In front of the city hall, another of the faithful, Alla Posina, 37, outlines the UOGCC’s demands: the fight against drugs, euthanasia and “freemasons who run everything and support gays” as well as “European laws favourable to homosexuals”.
The congregation made a single tour of the building’s perimeter then disappeared.
They were soon replaced by an even bigger crowd.
Flags belonging to political parties flutter in the wind. Among them is one belonging to the opposition union, part of the Yulia Tymoshenko bloc — named after the former prime minister who is currently in jail for abuse of power and corruption.
Her supporters claim the case against her was politically motivated.

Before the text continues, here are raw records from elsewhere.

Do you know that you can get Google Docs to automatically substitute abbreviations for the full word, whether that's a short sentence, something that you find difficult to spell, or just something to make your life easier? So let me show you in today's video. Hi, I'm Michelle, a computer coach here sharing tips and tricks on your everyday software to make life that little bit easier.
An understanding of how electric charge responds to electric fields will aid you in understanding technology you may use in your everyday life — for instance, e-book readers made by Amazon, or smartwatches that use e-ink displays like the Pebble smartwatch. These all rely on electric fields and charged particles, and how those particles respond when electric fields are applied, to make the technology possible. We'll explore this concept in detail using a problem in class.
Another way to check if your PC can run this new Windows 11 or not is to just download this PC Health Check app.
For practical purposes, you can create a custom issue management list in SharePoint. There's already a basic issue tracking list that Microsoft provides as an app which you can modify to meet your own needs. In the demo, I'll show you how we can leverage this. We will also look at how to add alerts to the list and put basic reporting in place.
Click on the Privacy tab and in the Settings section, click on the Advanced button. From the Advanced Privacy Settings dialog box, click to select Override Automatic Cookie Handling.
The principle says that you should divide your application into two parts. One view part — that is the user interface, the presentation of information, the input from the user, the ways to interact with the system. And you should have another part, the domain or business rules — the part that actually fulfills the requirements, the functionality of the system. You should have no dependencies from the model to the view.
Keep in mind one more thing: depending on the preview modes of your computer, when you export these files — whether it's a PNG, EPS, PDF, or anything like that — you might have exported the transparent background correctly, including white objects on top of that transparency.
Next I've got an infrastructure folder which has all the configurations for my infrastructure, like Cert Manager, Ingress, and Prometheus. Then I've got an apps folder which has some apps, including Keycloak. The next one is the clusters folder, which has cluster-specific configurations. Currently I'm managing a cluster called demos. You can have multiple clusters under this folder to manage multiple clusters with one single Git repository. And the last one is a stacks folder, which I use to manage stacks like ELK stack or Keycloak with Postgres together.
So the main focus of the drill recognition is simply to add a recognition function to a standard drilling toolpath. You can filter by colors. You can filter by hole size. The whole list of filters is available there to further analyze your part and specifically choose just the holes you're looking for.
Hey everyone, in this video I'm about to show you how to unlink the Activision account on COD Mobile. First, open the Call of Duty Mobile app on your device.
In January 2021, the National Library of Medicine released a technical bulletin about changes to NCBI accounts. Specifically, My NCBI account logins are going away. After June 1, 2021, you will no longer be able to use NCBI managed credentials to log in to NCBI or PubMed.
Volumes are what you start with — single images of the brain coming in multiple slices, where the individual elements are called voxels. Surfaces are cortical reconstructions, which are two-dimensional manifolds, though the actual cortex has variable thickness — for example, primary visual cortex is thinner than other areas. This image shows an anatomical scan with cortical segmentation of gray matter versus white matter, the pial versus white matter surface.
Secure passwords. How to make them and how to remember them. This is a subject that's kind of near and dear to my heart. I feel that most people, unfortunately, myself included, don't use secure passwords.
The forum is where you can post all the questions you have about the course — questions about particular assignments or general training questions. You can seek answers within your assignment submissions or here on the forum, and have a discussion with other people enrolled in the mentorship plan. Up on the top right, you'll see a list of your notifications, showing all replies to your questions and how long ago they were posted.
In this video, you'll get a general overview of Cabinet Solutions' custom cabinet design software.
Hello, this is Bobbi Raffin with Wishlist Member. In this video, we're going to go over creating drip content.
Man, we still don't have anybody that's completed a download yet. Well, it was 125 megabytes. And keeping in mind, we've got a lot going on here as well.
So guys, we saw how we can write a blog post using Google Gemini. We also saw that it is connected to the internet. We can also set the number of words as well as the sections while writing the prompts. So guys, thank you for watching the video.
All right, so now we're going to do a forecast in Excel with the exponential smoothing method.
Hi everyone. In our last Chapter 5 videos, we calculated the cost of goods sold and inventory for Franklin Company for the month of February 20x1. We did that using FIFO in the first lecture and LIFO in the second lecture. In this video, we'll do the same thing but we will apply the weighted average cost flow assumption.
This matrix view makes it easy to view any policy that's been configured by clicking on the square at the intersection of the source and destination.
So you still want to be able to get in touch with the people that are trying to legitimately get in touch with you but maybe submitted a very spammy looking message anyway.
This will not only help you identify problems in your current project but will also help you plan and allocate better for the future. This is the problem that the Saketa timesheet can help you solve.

A number of European leaders agree and have vowed to boycott Euro 2012 matches in Ukraine as a protest.
There is also a banner in English reading “Russification: genocide of Ukraine” and showing a picture of a young woman with a traditional Ukrainian hairstyle but with her face behind barbed wire.
These people are protesting against a parliamentary bill, proposed by supporters of Kremlin ally President Viktor Yanukovich, widening the rights for the official use of Russian, which is spoken in his heartland of eastern Ukraine.
The opposition believes that if such a bill becomes law, it would make Russian the official second language behind Ukrainian.
In a sign of the bill’s sensitivity, a fight broke out between several dozen deputies in the well of parliament itself when it was presented May 24. Some of those involved in the fight ended up in hospital.
In front of Lviv city hall on Sunday afternoon, speakers including Irina Farion, a lawmaker from Svobodam, urged the crowd to “protect the national language, which is the most important thing in Ukraine”.
“The mayor thinks that we shouldn’t use language to divide but to construct the country,” the senior municipal government official said. “Now, this law is dividing the country.
“People in the east and the west are different for historical reasons but we have to learn to respect one another. You come across these things in other countries, like Canada, Belgium or Spain where linguistic questions are still key issues.”